* _YOUR TASK_: Type the data below again exactly. Omit all pictures.

*** PROVIDED RECORDS ***

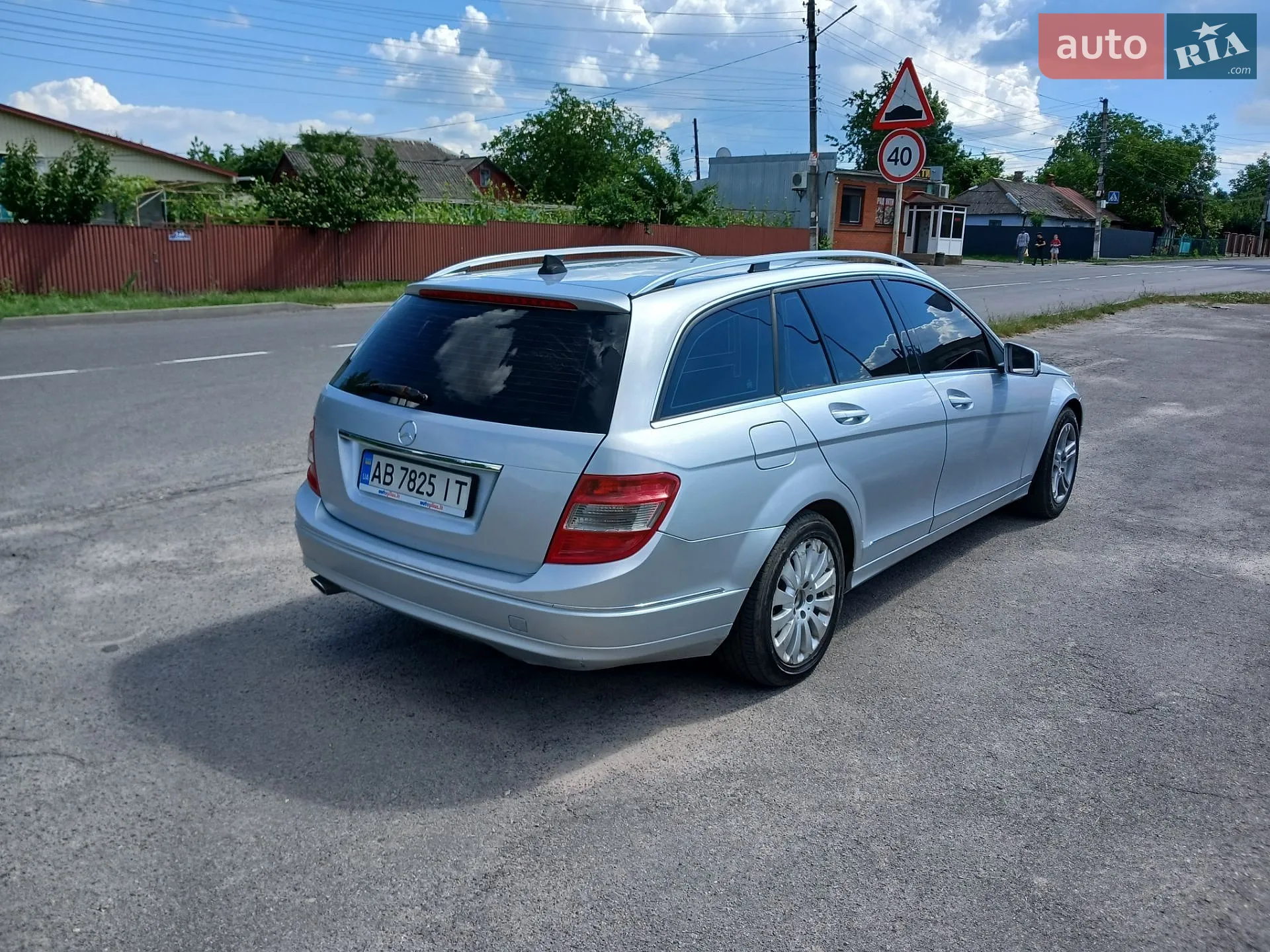 Mercedes-Benz C-Class 2009 VIN WDD2042031F384268 фото оголошення 3 з 5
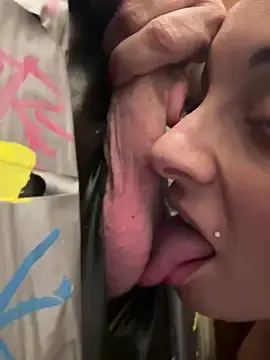 Stripchat Live Sex Cam of therealbeverlycious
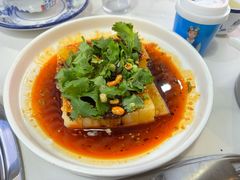 -苗岭鱼乡贵州凯里红酸汤鱼火锅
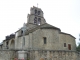 église Saint-Barthélémy à clocher mur et cadran solaire du XIIème siècle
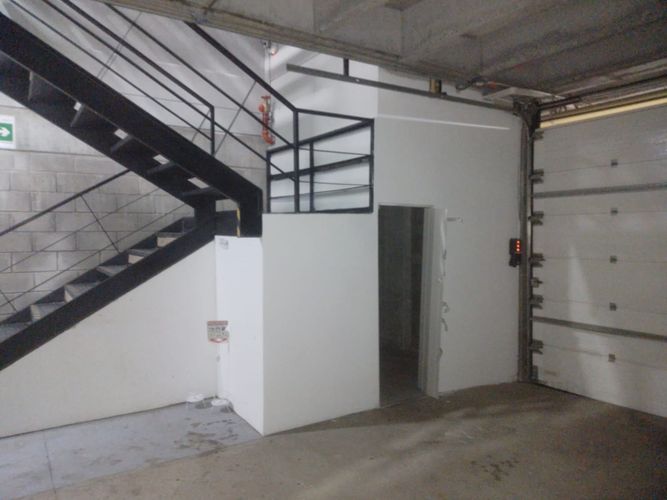 Oficina en arriendo en El Poblado, Medellín, 460 m² · foto 7 de 18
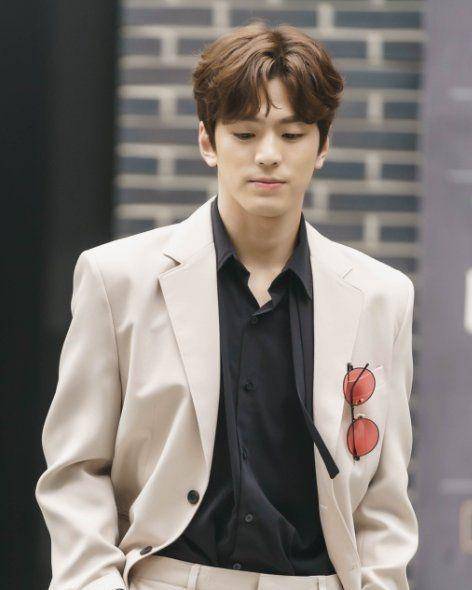 Comma hair pendek ala Kim Min Gyu (pinterest.com)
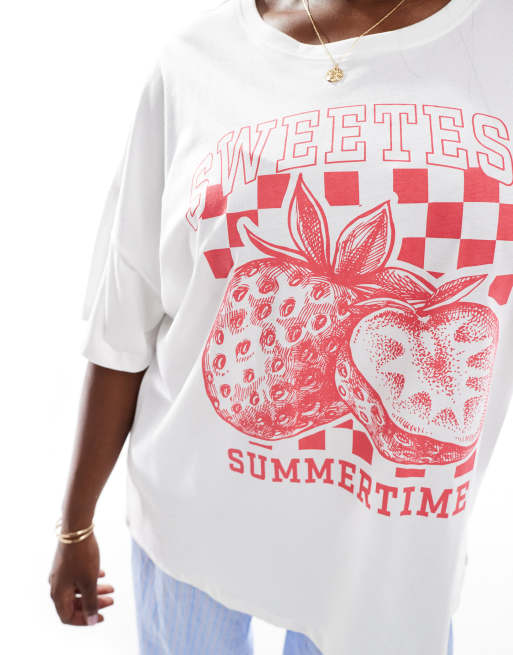 ONLY Curve strawberry graphic oversized T-shirt in white | ASOS
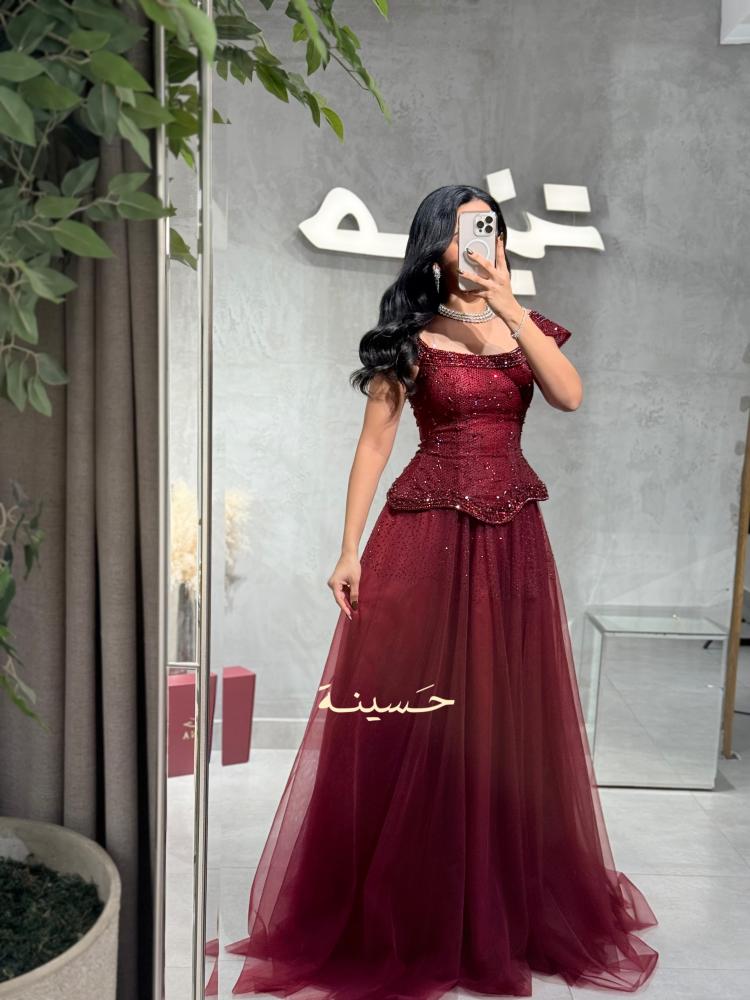 فستان تول عقيقي مطرز بالكامل بتفاصيل لامعة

***

* _OUTPUT FOR THIS EXERCISE_:
 Mercedes-Benz C-Class 2009 VIN WDD2042031F384268 фото оголошення 3 з 5
 Stripchat Live Sex Cam of therealbeverlycious
 -苗岭鱼乡贵州凯里红酸汤鱼火锅
 église Saint-Barthélémy à clocher mur et cadran solaire du XIIème siècle
 Oficina en arriendo en El Poblado, Medellín, 460 m² · foto 7 de 18
 Comma hair pendek ala Kim Min Gyu (pinterest.com)
 ONLY Curve strawberry graphic oversized T-shirt in white | ASOS
 فستان تول عقيقي مطرز بالكامل بتفاصيل لامعة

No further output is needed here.